**ABOUT THIS EXERCISE**
The lines to retype run from the one containing "Used Vauxhall Astra" through the end of the listing below. Reproduce them exactly, leaving out pictures.

**RECORDED INFORMATION**
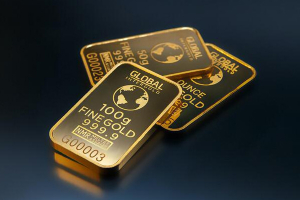 أسعار الذهب العالمية تتراجع  مع صعود الدولار .... في سوريا الذهب يواصل الاستقرار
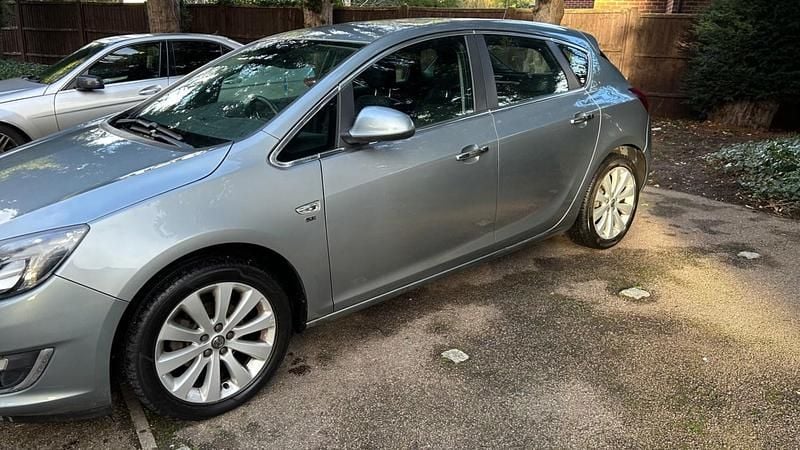 Used Vauxhall Astra 115 HP (84 kW) 2012 Silver Hatchback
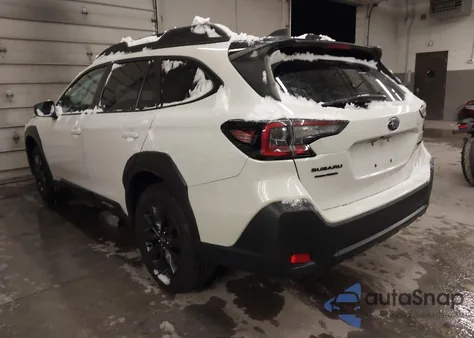 2023 Subaru Outback Onyx Edition z USA, uszkodzony, nr VIN 4S4BTAJC1P3130422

**EXERCISE SOLUTION**
 Used Vauxhall Astra 115 HP (84 kW) 2012 Silver Hatchback
 2023 Subaru Outback Onyx Edition z USA, uszkodzony, nr VIN 4S4BTAJC1P3130422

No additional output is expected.